I really liked this article and most of the info I have found on the web about Herpes. I have had herpes for 2 years now, and it has at times been tough to think about dating someone new, my relationship of 2 yrs (with the guy who gave it to me) I am not sure about... so I have been thinking about other people, other things. I dont know what I will do when the time comes, but I have been intrigued by antopia.com and am a member. I have gone over "the talk" in my head many times, to satisfy some need to tell myself that it will be alright. The truth is, I have met guys that I know would be OK with it, and some that I know wouldn't... that intuition isn't 100%, but I think it goes down to maturity and compassion and understanding of people- and also a healthy attitude about sex. I imagine telling someone "it's not what you think" because it's not. I have had few partners, and very few instances of unprotected sex. I hadn't had sex in a long time (in a previous bad relationship) and when I finally got in a new one, the first time we had sex I contracted herpes. The guy denied it and did not support me- I am still with him- he did come around and admit it later (he actually did not know- and went right away to get tested for the antibodies). That was a hard time- to have no support, but these articles and these websites helped me at that time, and although there are some scared people who post very disturbing, depressive thoughts about herpes- we've all been there- I did read the "success stories." I guess what Im saying is that when you get it, it is different from when you've had it for a while and you can see the forest for the trees. I am still a talented, caring, and attractive girl with a lot to offer- emotionally and physically. I know that the only one that can stop me from a real relationship is myself... this is what I have learned from educating myself about herpes.
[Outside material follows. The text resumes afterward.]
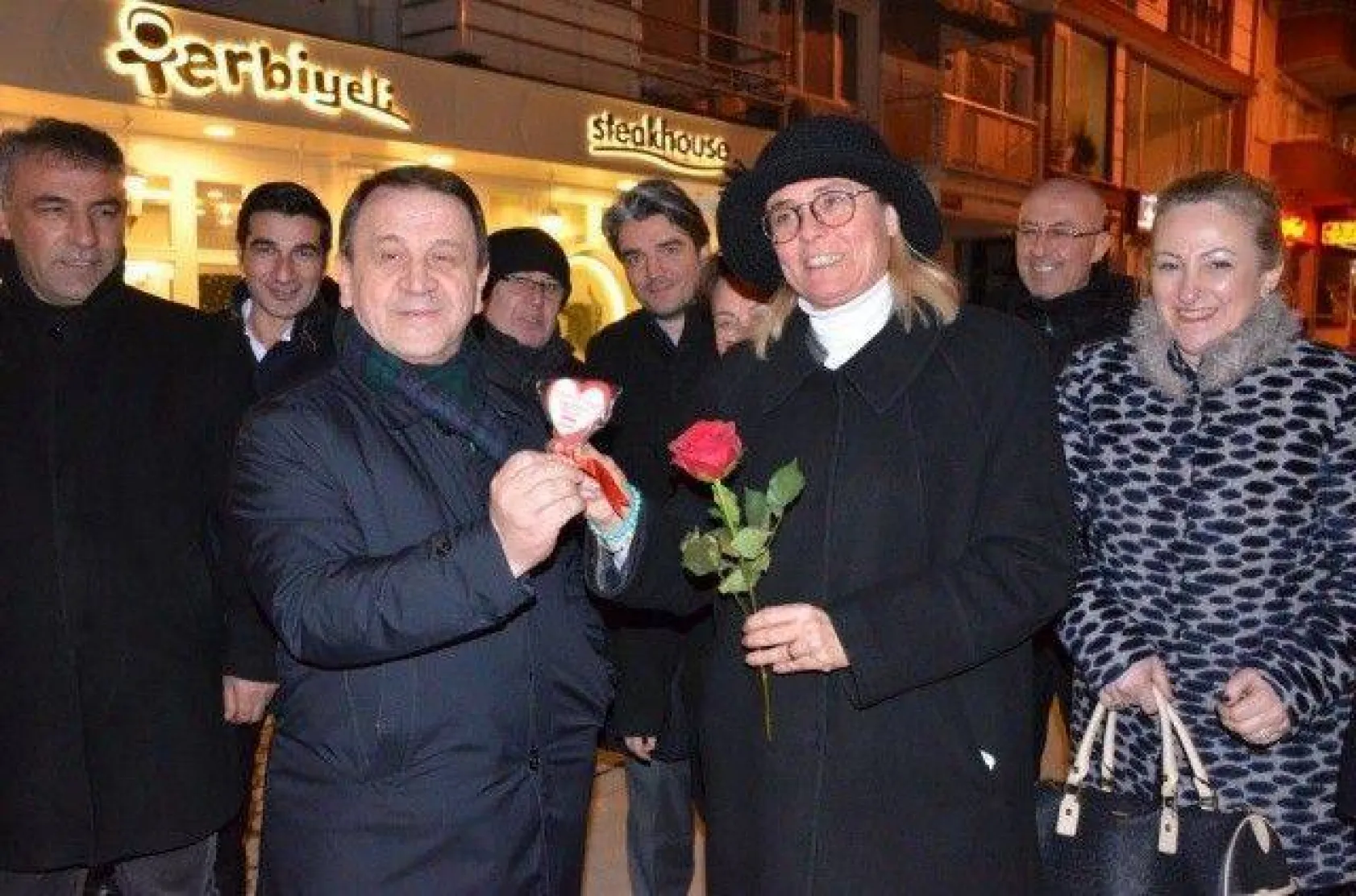 Işıklar: 'Severek Yaşamak Hayata Tutunmaktır'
Thanks for this article.

Aug 28 11 - 3:55pm
buy plan b online

I’m really loving the contents of your blog. Hopefully you keep posting regularly. Thanks.

May 30 12 - 7:31am
Lisa

I am a female HPV sufferer. The good news is that I have overcome the disease. I'd love to help anyone else with the same problem. Can join me at Hdate.org , the official dating & support site for people with HPV and other STDs. find meeth323..

May 30 12 - 9:00pm
sunyjojo

Living with Herpes is really hard, especially when you are a single. According to a report from the largest Herpes singles dating site HerpesSupport.net, 98% of its members who used to be on a general dating site to find the love and support were rejected by others. That could be the reason that why HerpesSupport.net is so popular and now has more than 650,000 members.

May 30 12 - 9:05pm
herpesfish

I prefer PozGroup.com to H-date.com. There are many more active members and hot blogs. And I love the feature of "latest activity" and profile / profile visibility settings.

May 30 12 - 9:09pm
Julia

Don't upset by herpes. It is just a virus to most of the people after the careful managment. If you feel alone after get it, I recommend a warm-hearted herpes dating site for you stdsingle. com. There are many singles with herpes are finding support, information, and love here!

May 30 12 - 9:17pm
Nicole-H

Nothing should be shamed. Living with HIV, but can also have sunshining Day- Find love with H+ at STDromance.com

May 30 12 - 9:53pm
moschino

Do you want to meet more positive friends? Are you satisfied with this place? If you are still looking for STD friends or positive singles, you can check more here: herpesdateonline.com.( Hope it's useful 4 U )

Sep 06 12 - 8:02pm
Josie

Is there a Herpes dating site for seniors? Yes, we get STD's too.